但也随着‘罚金谈判’,他们刚才恐惧、喧闹的神色也渐渐地安定了下来,甚至还有一些小激动,因为他们看到了活命的希望。
刚才黑甲军刚围住他们的时候,可是在瞬息之间屠杀了近百人反抗者,尤其以白若以和王小应最为恐怖,再将众人从浮桥上驱赶到这岛上,便直接冲进人群,见人就杀,跑了就不追,其他的,无论是否反抗,只要在原地,都会被痛下杀手。
最后这两千多人就被驱赶到这玻璃边上,至于从岛上跳湖逃生的,现在都在湖面上肿胀地漂浮在水面,也是密密麻麻的。所以他们一再绝望,还以为必死无疑了呢。
“你们有没有是峪国人?这次罪过,峪国人有权利减少一半罚金。也就是罚金一百只需上缴五十金,再折去先付的一半,只需要二十五金;比例上,需要十金的,也是如此换算。”

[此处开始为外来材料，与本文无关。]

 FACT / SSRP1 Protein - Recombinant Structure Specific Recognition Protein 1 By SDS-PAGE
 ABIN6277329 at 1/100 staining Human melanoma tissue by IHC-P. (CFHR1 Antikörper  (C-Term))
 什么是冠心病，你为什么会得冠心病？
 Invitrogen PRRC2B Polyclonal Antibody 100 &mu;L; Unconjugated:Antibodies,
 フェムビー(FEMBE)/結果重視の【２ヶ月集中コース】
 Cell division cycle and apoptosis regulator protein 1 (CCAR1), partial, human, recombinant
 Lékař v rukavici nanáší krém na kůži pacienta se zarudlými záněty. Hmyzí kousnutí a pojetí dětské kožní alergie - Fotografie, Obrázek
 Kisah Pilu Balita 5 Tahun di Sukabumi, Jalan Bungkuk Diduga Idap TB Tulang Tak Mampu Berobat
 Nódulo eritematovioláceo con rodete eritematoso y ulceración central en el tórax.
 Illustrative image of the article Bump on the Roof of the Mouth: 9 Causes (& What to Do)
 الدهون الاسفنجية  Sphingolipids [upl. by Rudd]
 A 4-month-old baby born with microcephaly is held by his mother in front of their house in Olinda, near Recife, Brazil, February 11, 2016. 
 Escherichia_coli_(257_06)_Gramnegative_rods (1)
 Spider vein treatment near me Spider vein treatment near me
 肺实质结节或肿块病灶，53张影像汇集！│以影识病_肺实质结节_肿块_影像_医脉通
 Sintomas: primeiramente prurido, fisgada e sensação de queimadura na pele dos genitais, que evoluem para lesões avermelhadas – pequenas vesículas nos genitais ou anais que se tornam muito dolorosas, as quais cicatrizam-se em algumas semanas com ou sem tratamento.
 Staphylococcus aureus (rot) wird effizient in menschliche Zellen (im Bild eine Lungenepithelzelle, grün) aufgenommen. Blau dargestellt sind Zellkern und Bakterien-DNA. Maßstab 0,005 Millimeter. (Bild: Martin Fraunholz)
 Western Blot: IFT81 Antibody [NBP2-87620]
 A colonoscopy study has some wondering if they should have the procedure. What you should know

看着人群里面面相觑,甚至有些争吵凭着,峪国人可以减少一半,却没有站出一个人来,毕竟这也算是一件‘无可厚非’的事。
于是王小应再重复了一遍,也说得仔细些,似乎是在强调什么。
最后,还是没有一个人上前自爆是‘峪国人’——事实上也确实没有一个峪国人。
“将主,王将军这是何意?”李子牧将视线从王小应身上收了回来,一脸疑惑地看着姜横。
姜横此时也朝着涌动的人群里看,但是视线上却没有放在人群上,而是人群的背后,那道充满着迷雾的玻璃墙。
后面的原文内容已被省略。